Mandy se segurou numa grossa cortina de cor vinho, que depois puxou com toda força. Um pedaço do tecido se partiu, pedaço esse que serviu para tapar seu corpo. Olhando melhor para os cadáveres, pôde identificar entre eles o de um velho usando batina. Imagens do tal indivíduo surgiam em sua mente, o som da voz... mas era tudo confuso como um sonho semiesquecido. Mas uma coisa era certa: ele era o chefe dos vampiros, e agora parecia morto. Definitivamente mais morto do que um vampiro já era normalmente.

Mandy Duncan, você virá comigo. Vou levá-la até seu irmão — afirmou o mascarado.

Seu traje preto, com colete e outras partes reforçadas sobre joelhos, coxas, ombros e braços, parecia muito avariado. Cortes por todo lado, assim como manchas de sangue.

— Você não cheira como eles — som dela fungando, já mais confiante. — Também não é como eu, ou não ia usar um treco desses. Você é o Golem, acertei?

O mascarado pegou uma segunda lâmina, caída alguns metros distante dos restos do vampiro explodido.

— Até que não é burra... para uma cachorra — concluiu.

A vontade da garota foi saltar sobre ele e fazer pior do que ele fez com o velho, mas sabia que não estava em condição de nada daquilo. E após engolir um pouco da raiva, pediu:

— Abre essas algemas, e eu deixo de ser um fardo. — Estendendo os pulsos. — Eu posso ser útil, cara, é só conseguir mudar de forma.

Ele pareceu ignorá-la, abrindo uma garrafa e derramando o líquido sobre o que sobrou do vampiro. Mandy se aproximou mais, balançando a corrente de modo irritante e repetitivo, até obter uma resposta:

— Prefiro assim. Cães devem ficar na coleira.
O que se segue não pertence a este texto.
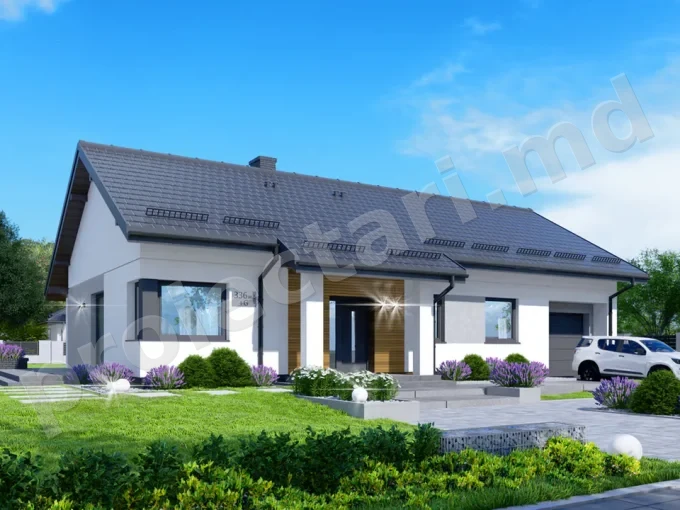 Proiect de casa cu parter si piscina 100m2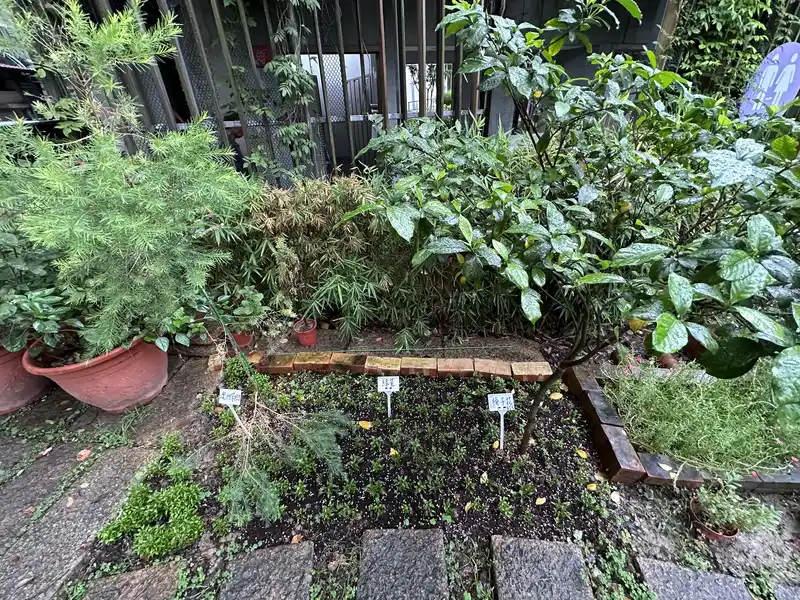 2023 06 17 48 萬華糖部文化園區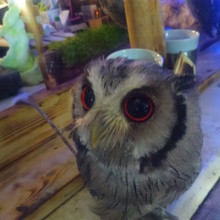 パチモンきんた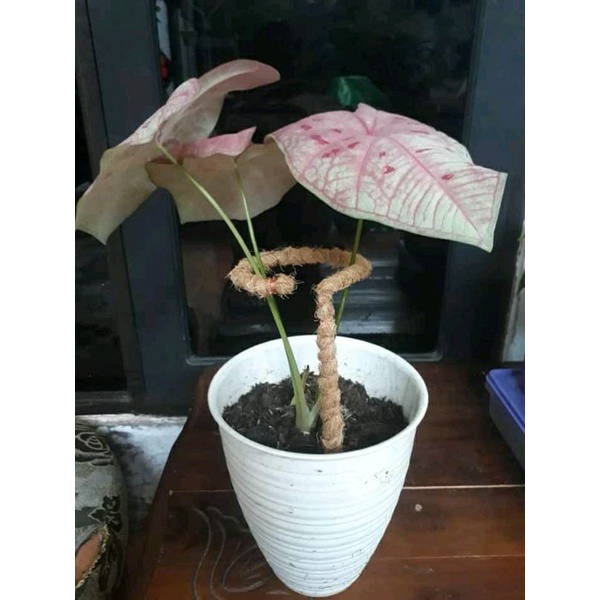 turus penyangga tanaman keladi/turus keladi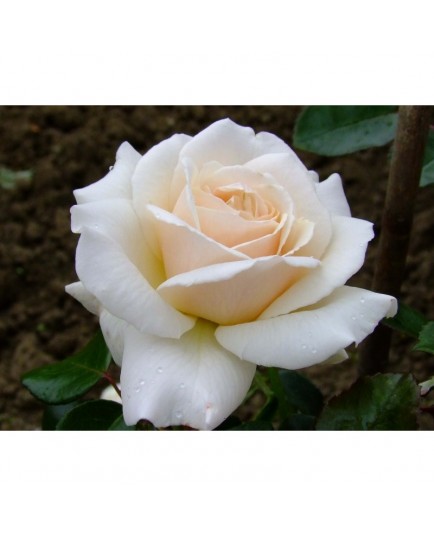 Rosa 'Penny Lane' - Rosaceae - Rosier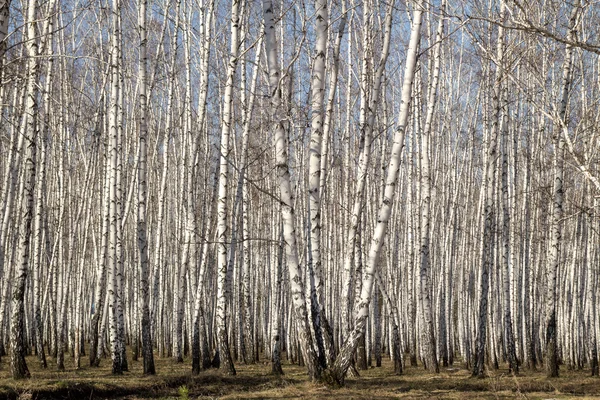 Birkenwälder Frühling ohne Blätter — Stockfoto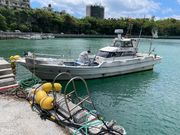 楊さんのたえ丸の投稿写真4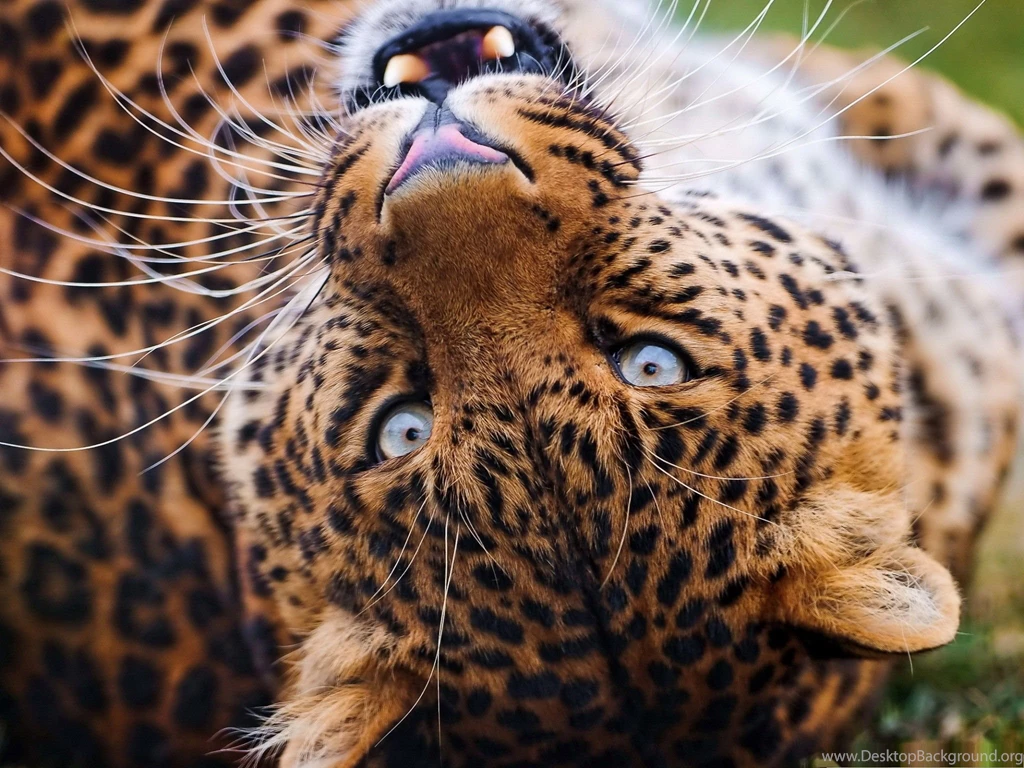 Cats Panther Stunning Big Cat Wild Life Cats Phone Wallpapers ...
E após dizer aquilo, desceu a lâmina repetidamente sobre o pescoço do cadáver, segurando a cabeça com a outra mão. Ela recuou por instinto. Embora uma licantropo, a garota não estava acostumada aquele tipo de brutalidade. Jimmy cuidava muito bem dela, de modo que nunca tivesse que se sujar com sangue que não fosse de algum animal da floresta.

— Puxa, bacana você bancar o Batman sanguinário e gastar tempo pegando seu troféu invés de me soltar. Só queria te lembrar que você explodiu uma BOMBA dentro de uma igreja. Se não matou todos os vampiros, eles chegam rapidinho. — Mandy parou a um palmo dele, estendendo novamente os pulsos. — Me soltar é nossa única chance de sair daqui inteiros.
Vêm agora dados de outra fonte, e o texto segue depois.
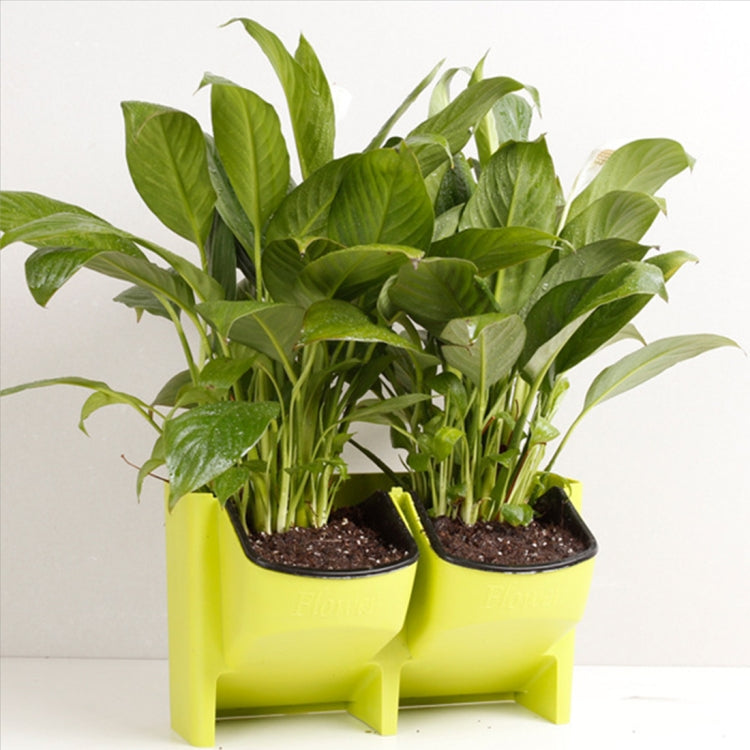 Parede de Plantas Vertical Interior e Exterior Varanda Vasos de Flores Montados na Parede Combinação Criativa de Vasos de Flores em Resina Plástica com Vaso Removível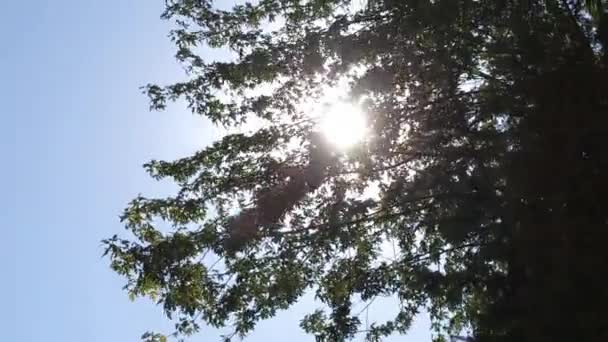 Lens flare from sun on tree. — Stock Video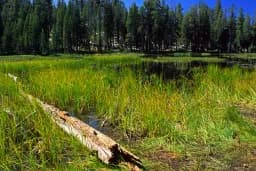 Echoes of the Sierra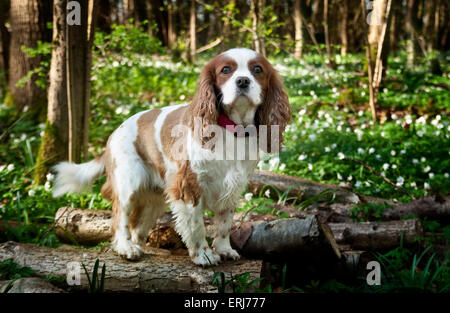 Cavalier King Charles Spaniel Blenheim Farbe Stockfoto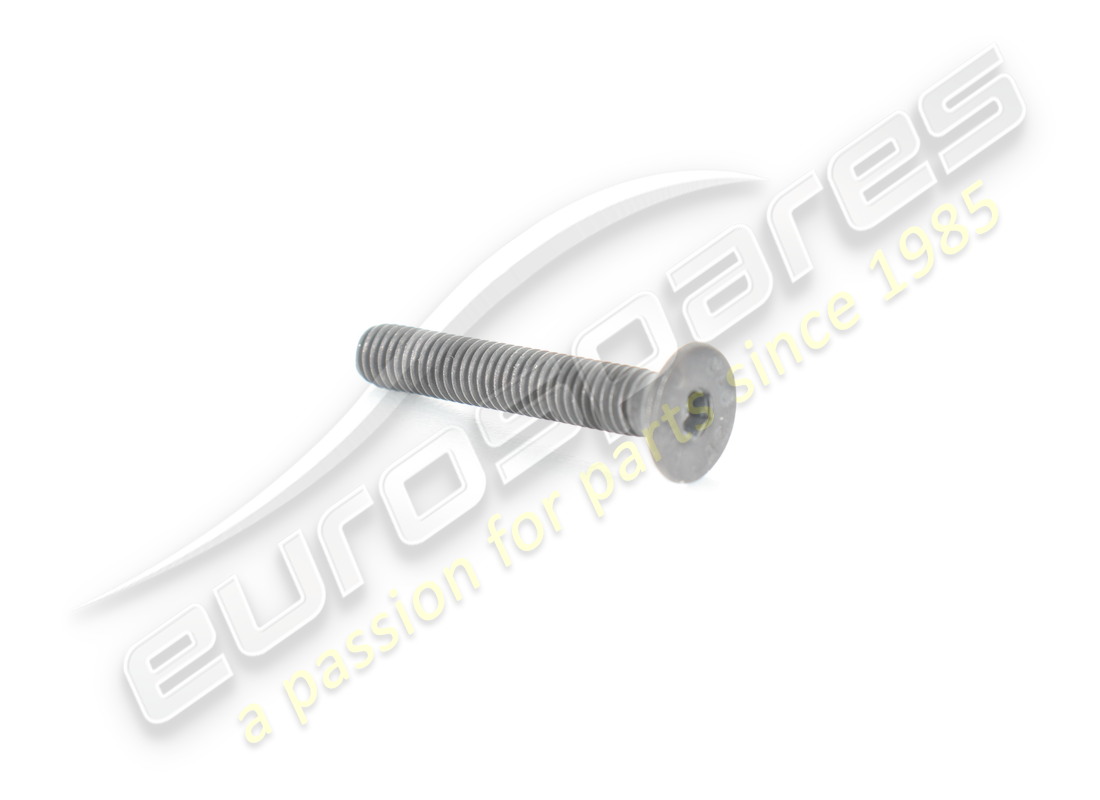 new ferrari screw. part number 68927700 (1)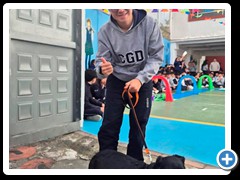 Desfile-de-mascotas-foto-25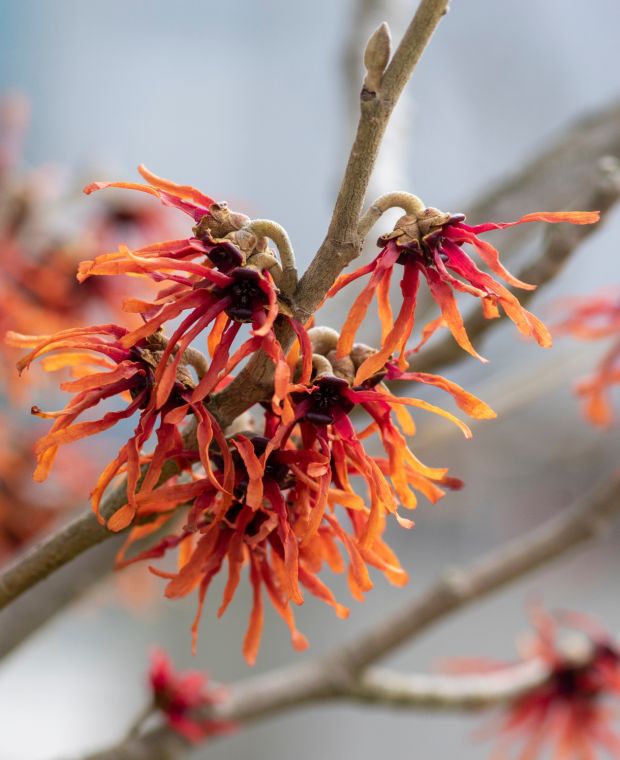 Hamamelis x intermedia 'Orange Beauty'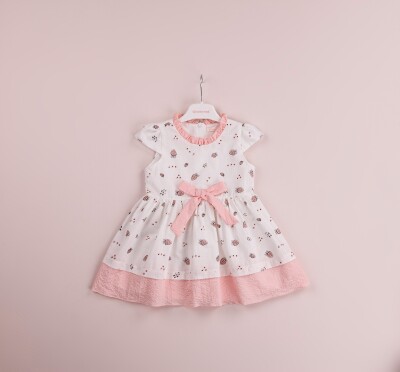 Toptan Kız Çocuk Elbise 1-4Y BabyRose 1002-4067 - 2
A resposta dele foi na forma de uma chave de metal lançada para o alto. A garota saltou para pegar, e depois se esforçou para não deixá-la cair, quente como estava. Por sorte a explosão não chegou a derreter o objeto, apenas escurecendo e deformando o cabo. Usando os dentes pra prendê-la, a garota conseguiu com certo esforço soltar o metal dos pulsos. Enquanto se sentava para alcançar as correntes nos tornozelos, sentiu um cheiro que não gostaria.
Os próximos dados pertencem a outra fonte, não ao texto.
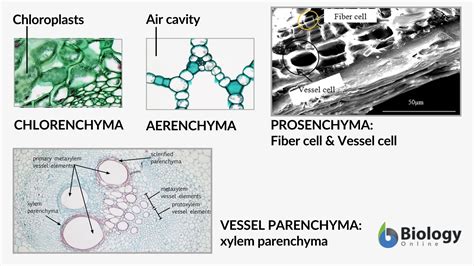 Parenchyma Definition And Examples Biology Online Dictionary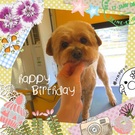 HAPPY BIRTHDAY!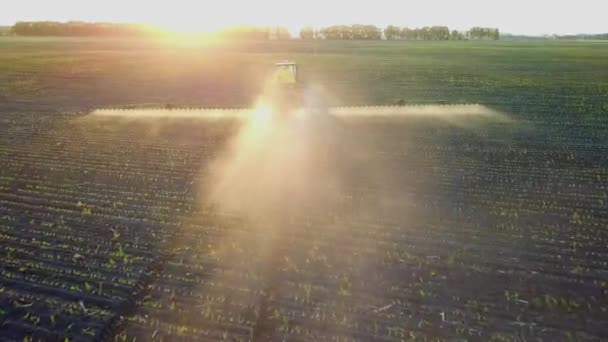 Bir Dron Püskürtme Bir Alanda Gün Batımında Çekim Çiftlikte Alanda — Stok video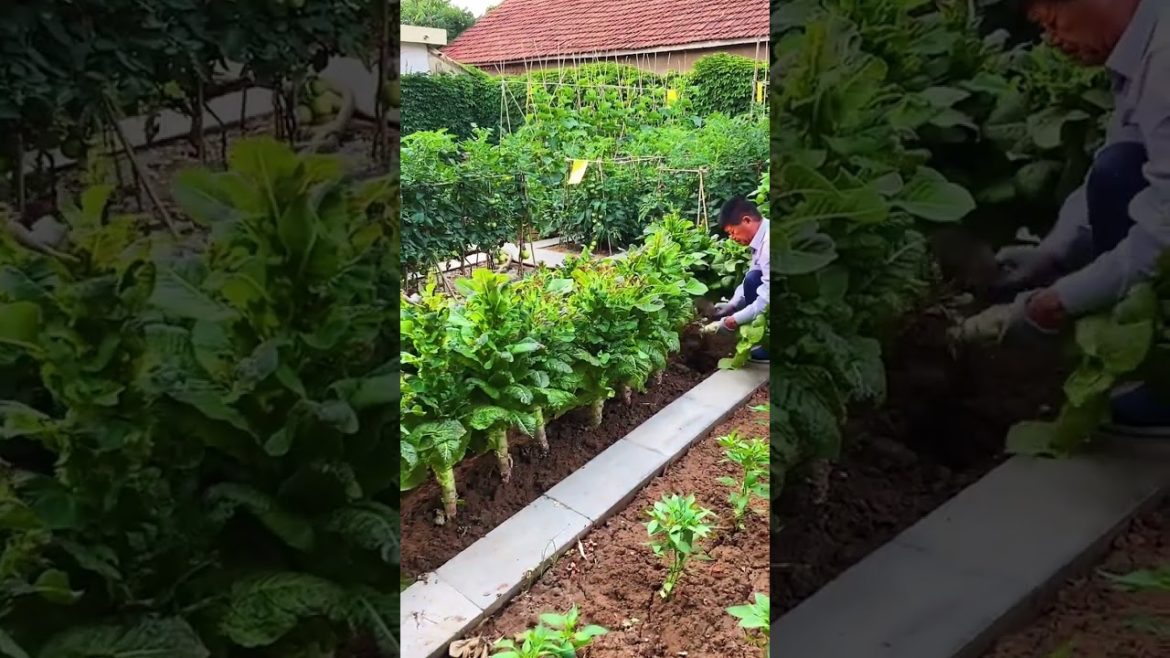 how to growth vegetable /gardening ideas for home how to growth vegetable /gardening ideas for home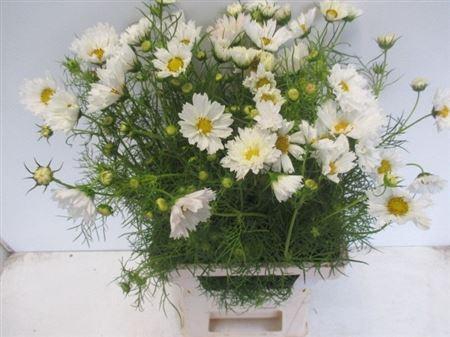 <h4>Cosmos Bipinnatus</h4>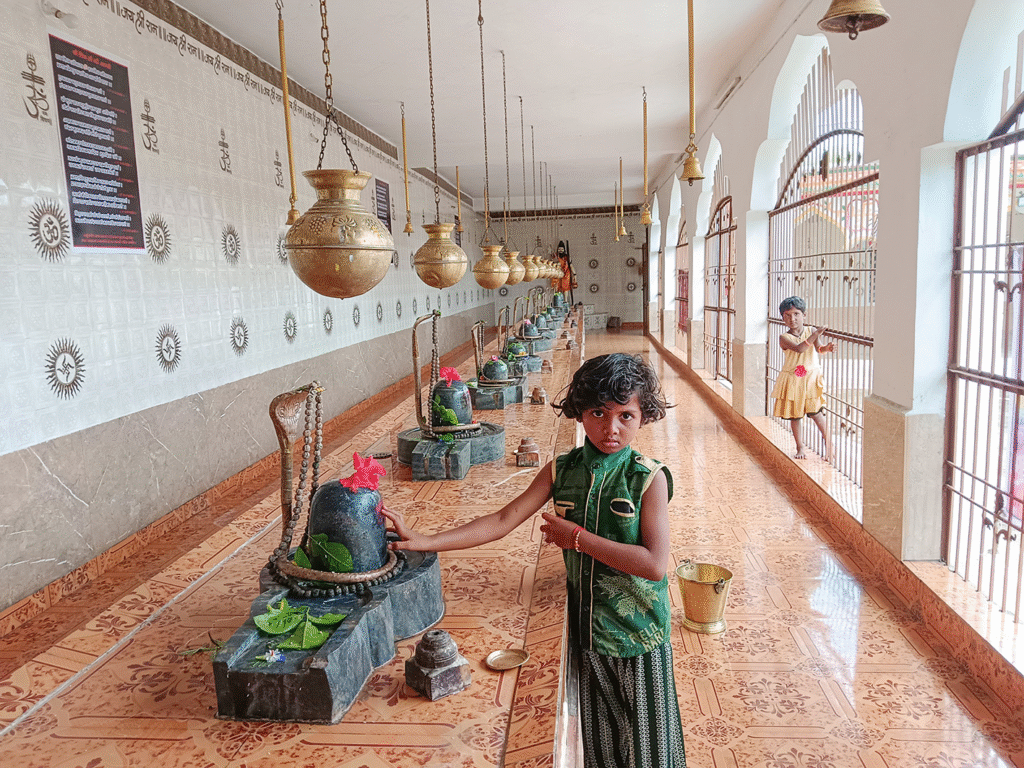 श्रावण में शिवभक्ति का महापर्व: मेडेसरा में द्वादश ज्योतिर्लिंग 2 06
— Opa, opa. Sujou cara, melhor a gente correr agora, a não ser que você queira conversar com a torcida organizada da Transilvânia.

O tal Golem pareceu ter recuperado todas as armas caídas pelo caminho, e agora segurava um isqueiro em uma mão e a cabeça do vampiro padre na outra. Cabeça empapada em líquido inflamável.